EXTRACTED RECORDS >>
_ _ _

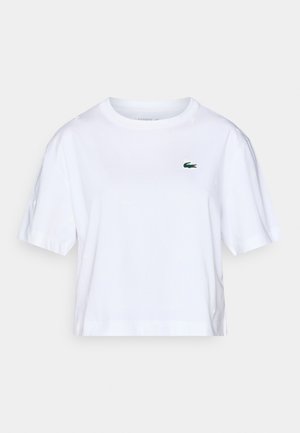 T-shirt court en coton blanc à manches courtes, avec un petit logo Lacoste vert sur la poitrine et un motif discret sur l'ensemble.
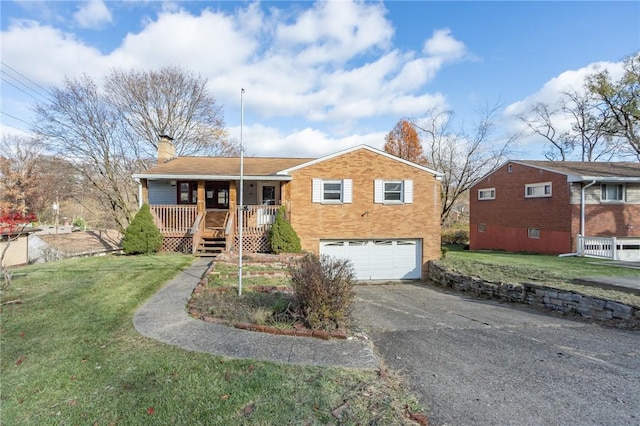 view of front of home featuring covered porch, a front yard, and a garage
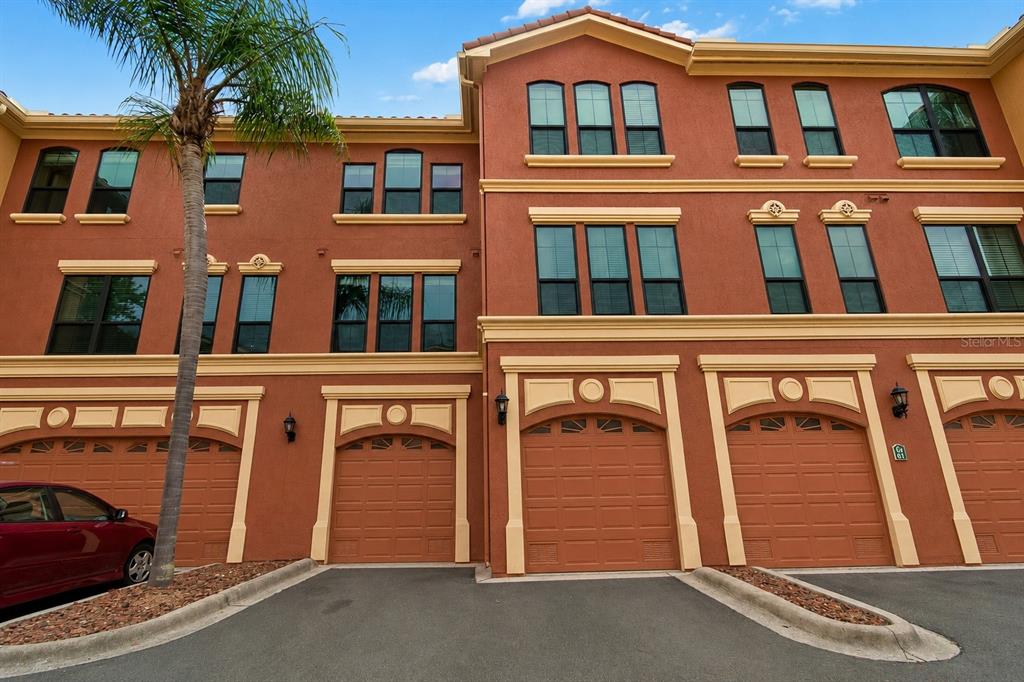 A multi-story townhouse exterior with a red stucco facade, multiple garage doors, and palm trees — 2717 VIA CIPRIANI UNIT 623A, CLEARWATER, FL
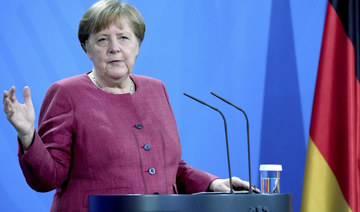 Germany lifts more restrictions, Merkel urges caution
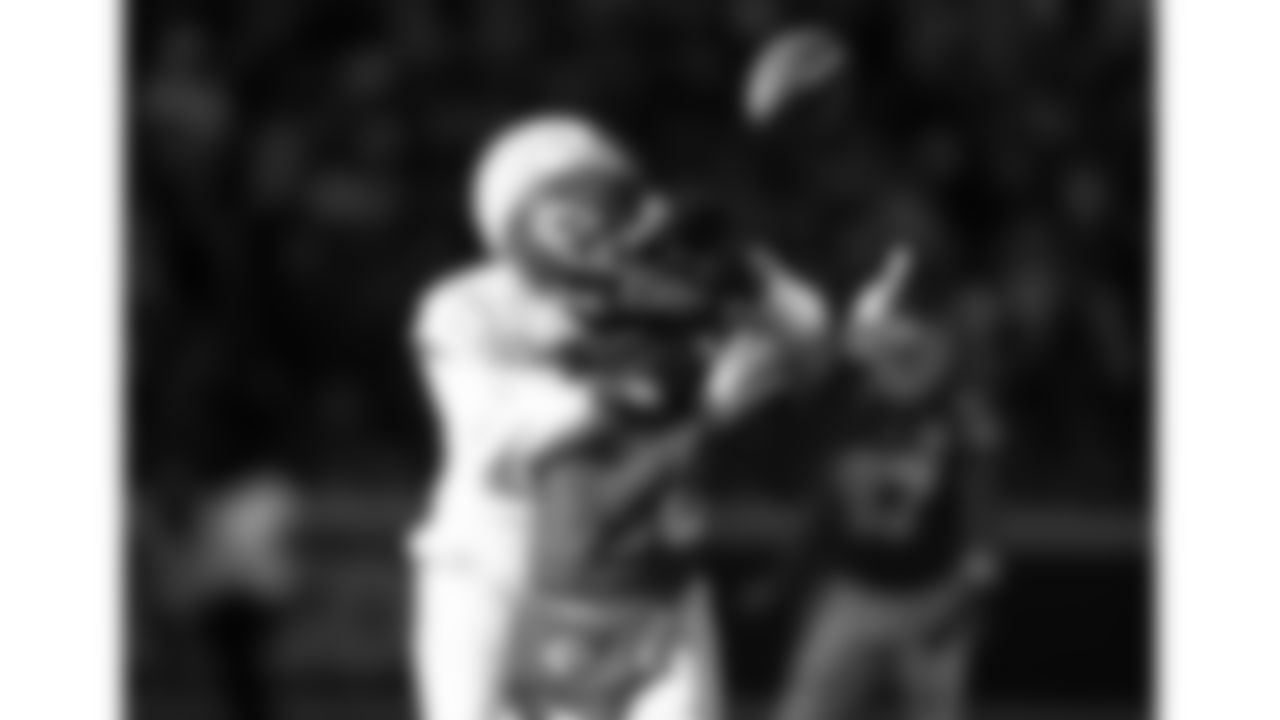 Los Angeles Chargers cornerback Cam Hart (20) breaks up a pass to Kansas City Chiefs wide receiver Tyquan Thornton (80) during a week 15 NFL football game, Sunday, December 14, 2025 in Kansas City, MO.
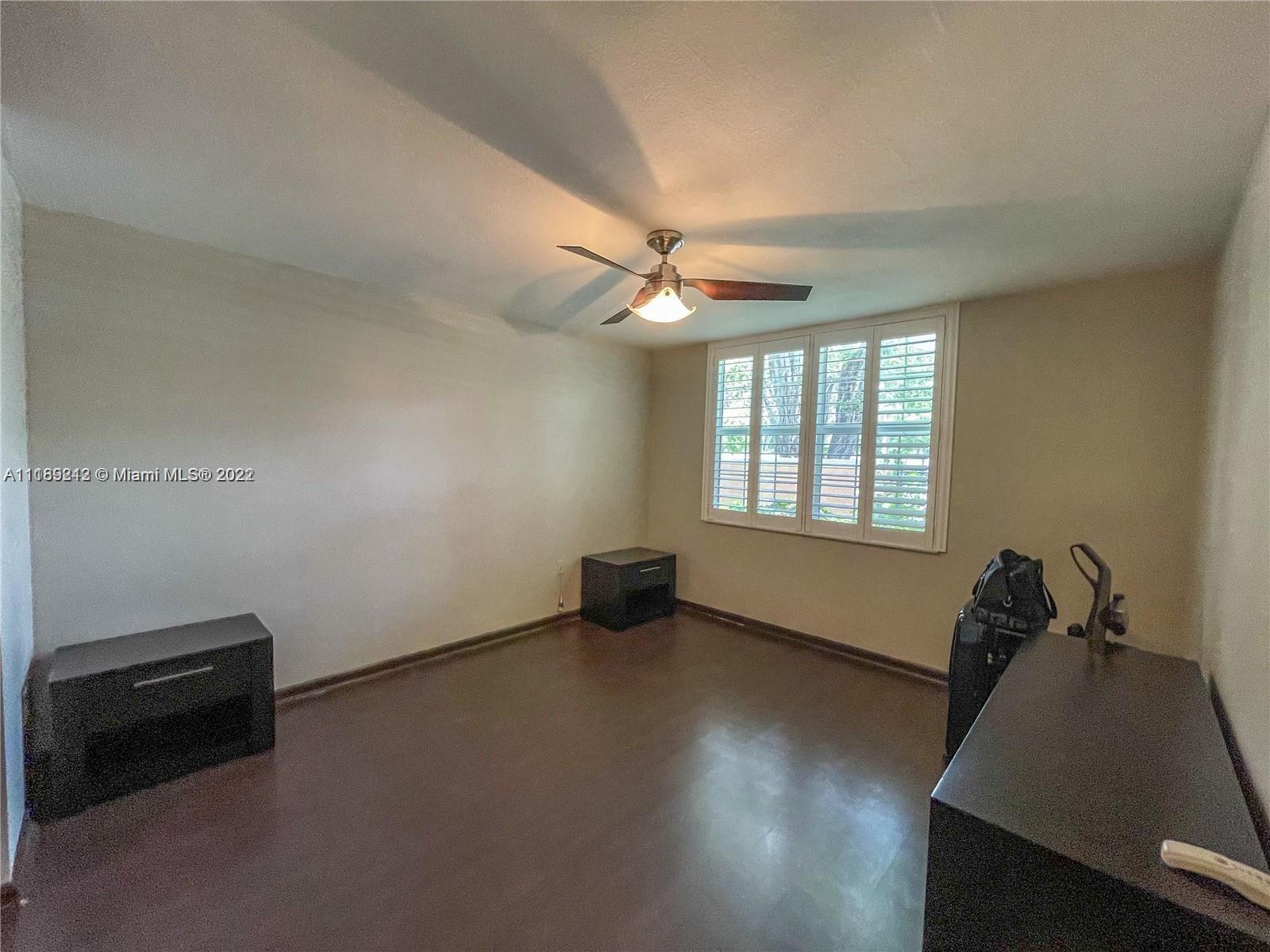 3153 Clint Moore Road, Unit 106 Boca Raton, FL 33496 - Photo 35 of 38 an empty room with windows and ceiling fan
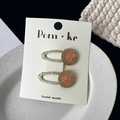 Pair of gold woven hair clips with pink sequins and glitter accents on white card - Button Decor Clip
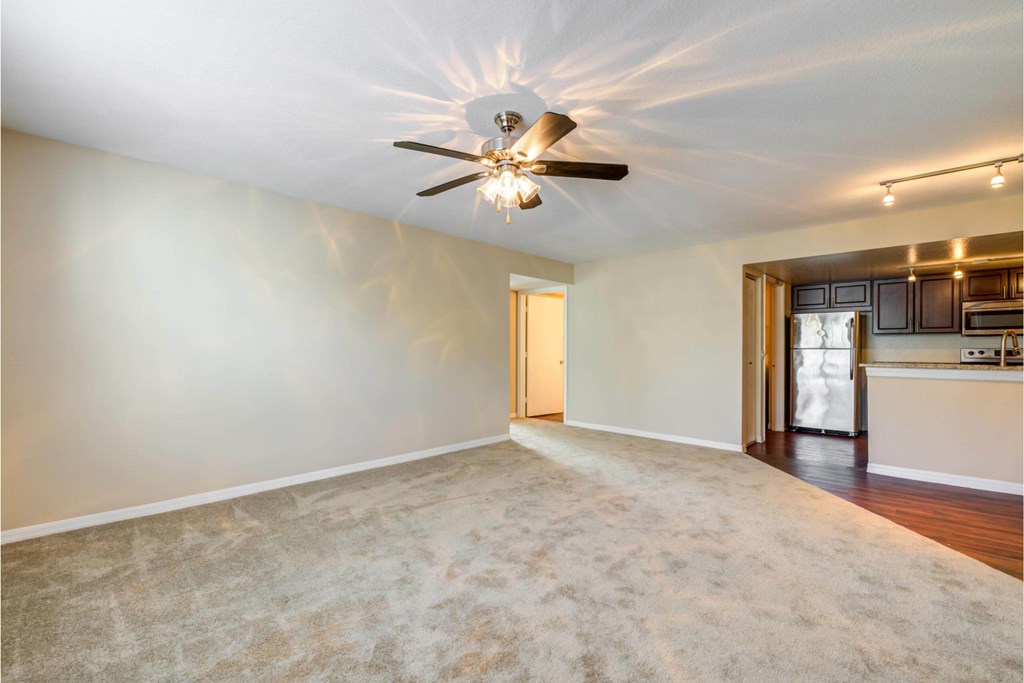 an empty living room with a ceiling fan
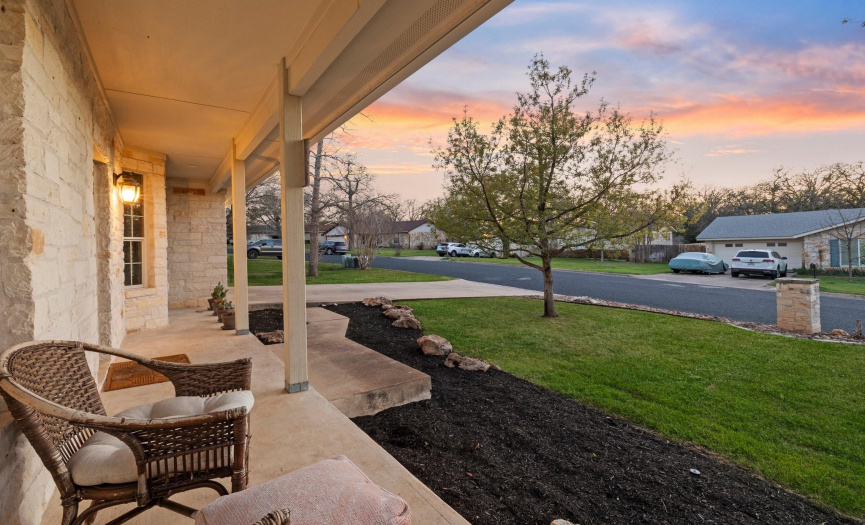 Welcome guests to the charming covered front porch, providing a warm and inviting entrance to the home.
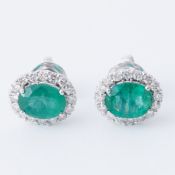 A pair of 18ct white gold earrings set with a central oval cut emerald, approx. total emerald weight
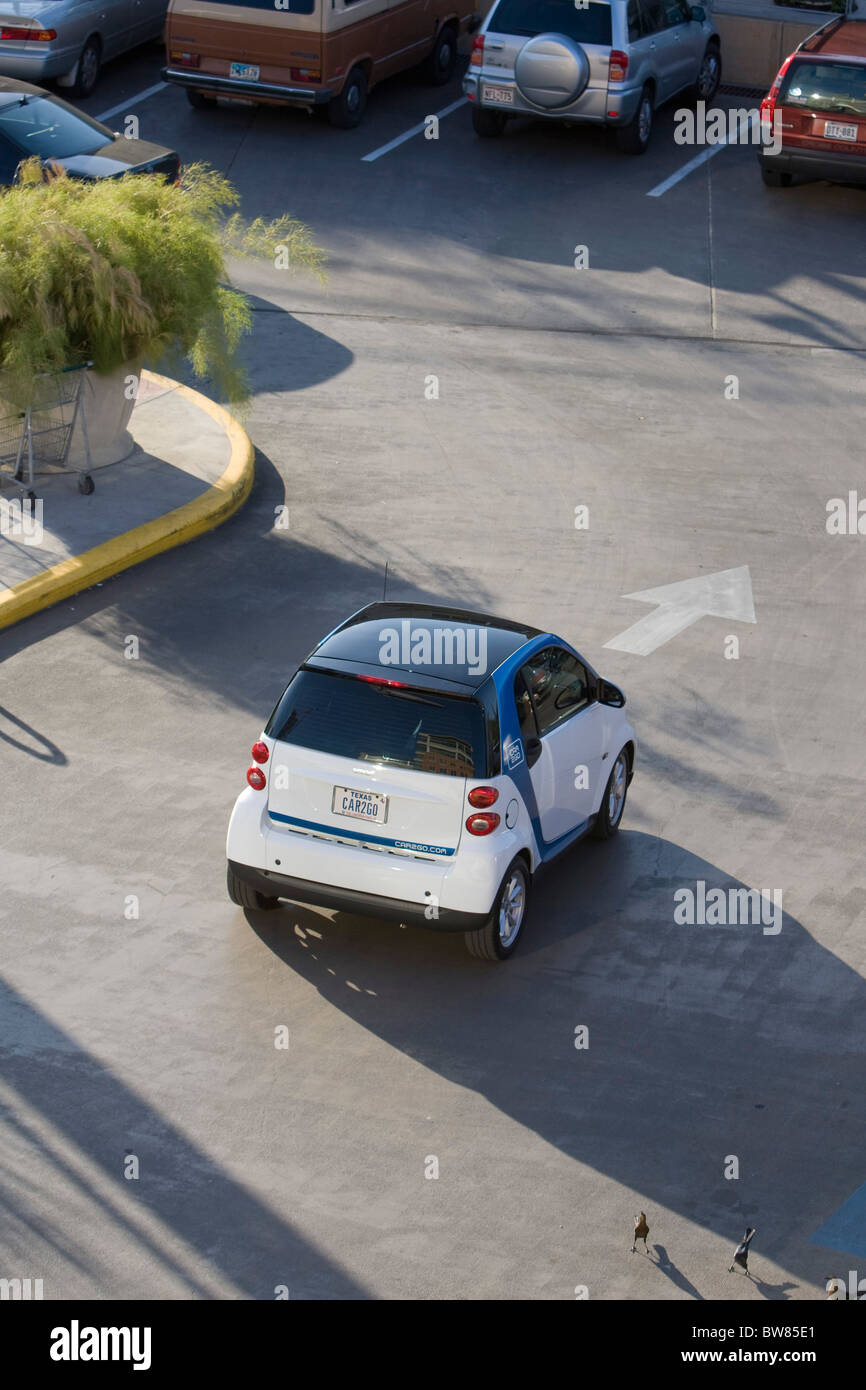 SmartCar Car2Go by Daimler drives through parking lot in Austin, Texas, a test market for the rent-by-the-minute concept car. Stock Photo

_ _ _

WHAT THIS TASK INVOLVES >>
When you give the entries again, keep them exact and omit any picture they contain.

EXERCISE OUTPUT >>
 T-shirt court en coton blanc à manches courtes, avec un petit logo Lacoste vert sur la poitrine et un motif discret sur l'ensemble.
 view of front of home featuring covered porch, a front yard, and a garage
 A multi-story townhouse exterior with a red stucco facade, multiple garage doors, and palm trees — 2717 VIA CIPRIANI UNIT 623A, CLEARWATER, FL
 Germany lifts more restrictions, Merkel urges caution
 Los Angeles Chargers cornerback Cam Hart (20) breaks up a pass to Kansas City Chiefs wide receiver Tyquan Thornton (80) during a week 15 NFL football game, Sunday, December 14, 2025 in Kansas City, MO.
 3153 Clint Moore Road, Unit 106 Boca Raton, FL 33496 - Photo 35 of 38 an empty room with windows and ceiling fan
 Pair of gold woven hair clips with pink sequins and glitter accents on white card - Button Decor Clip
 an empty living room with a ceiling fan
 Welcome guests to the charming covered front porch, providing a warm and inviting entrance to the home.
 A pair of 18ct white gold earrings set with a central oval cut emerald, approx. total emerald weight
 SmartCar Car2Go by Daimler drives through parking lot in Austin, Texas, a test market for the rent-by-the-minute concept car. Stock Photo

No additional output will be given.